Nadie lo duda: las botas del gaditano encierran mucho fútbol. Es un hecho conocido y reconocido desde que debutase en el Sevilla, pasase por el Barça B y se lo terminase llevando el Liverpool con la confianza de que despuntaría en Inglaterra al nivel de los mejores centrocampistas ofensivos españoles que hoy siguen pisando la Premier League. Sin embargo, el camino de Luis Alberto en la élite ha sido mucho más sinuoso de lo que cabía esperar.

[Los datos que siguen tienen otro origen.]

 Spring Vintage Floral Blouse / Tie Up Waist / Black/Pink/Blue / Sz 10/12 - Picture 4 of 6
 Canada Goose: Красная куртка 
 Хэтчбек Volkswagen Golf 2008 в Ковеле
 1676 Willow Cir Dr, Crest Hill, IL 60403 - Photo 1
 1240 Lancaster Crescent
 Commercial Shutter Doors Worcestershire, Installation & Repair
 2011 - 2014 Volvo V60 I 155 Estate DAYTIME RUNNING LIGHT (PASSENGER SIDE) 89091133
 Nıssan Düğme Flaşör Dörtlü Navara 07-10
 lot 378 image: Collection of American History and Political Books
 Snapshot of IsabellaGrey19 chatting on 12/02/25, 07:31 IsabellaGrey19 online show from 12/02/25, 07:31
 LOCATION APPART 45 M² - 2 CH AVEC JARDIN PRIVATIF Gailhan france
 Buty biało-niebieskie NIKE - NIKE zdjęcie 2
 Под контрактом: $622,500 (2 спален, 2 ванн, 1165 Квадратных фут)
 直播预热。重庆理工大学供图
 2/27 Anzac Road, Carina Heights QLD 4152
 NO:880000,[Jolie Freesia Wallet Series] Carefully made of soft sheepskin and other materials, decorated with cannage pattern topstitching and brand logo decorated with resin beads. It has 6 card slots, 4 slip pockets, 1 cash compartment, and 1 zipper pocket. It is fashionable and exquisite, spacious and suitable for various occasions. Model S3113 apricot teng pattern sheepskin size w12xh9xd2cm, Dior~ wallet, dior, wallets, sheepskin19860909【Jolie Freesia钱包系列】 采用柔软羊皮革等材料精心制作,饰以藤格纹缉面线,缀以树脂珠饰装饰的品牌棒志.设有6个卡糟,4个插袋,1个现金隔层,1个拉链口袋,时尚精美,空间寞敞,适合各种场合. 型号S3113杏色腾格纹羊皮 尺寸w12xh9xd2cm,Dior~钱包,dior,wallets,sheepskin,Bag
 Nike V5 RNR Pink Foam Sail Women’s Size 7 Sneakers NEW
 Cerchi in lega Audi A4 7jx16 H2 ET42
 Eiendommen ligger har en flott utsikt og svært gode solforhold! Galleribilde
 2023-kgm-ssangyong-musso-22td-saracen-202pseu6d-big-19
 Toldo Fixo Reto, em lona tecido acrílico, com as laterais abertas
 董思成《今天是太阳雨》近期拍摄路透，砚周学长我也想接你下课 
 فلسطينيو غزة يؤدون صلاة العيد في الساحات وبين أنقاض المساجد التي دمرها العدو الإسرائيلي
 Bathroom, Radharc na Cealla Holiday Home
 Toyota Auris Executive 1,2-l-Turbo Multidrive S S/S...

Tras anunciar en el Dépor junto a Lucas Pérez buena parte de su potencial, Luis Alberto firmó por una Lazio que no apuntaba a ser un escenario para nada idílico de cara a su futuro y donde en su primer año solamente disputó cuatro partidos como titular en Serie A. Su consabida pero tibia calidad parecía nuevamente abocada a la pérdida de continuidad y por tanto, a su falta de relevancia. Sin embargo, la salida del equipo biancoceleste de Keita Baldé este mismo verano y las bajas de Felipe Anderson y del recién llegado Nani le han abierto la puerta del definitivo asentamiento de su talento en la élite y por fin esta vez, Luis Alberto ha entrado por ella sin pedir siquiera permiso para convertirse en una pieza vital dentro del gran inicio de temporada de su equipo.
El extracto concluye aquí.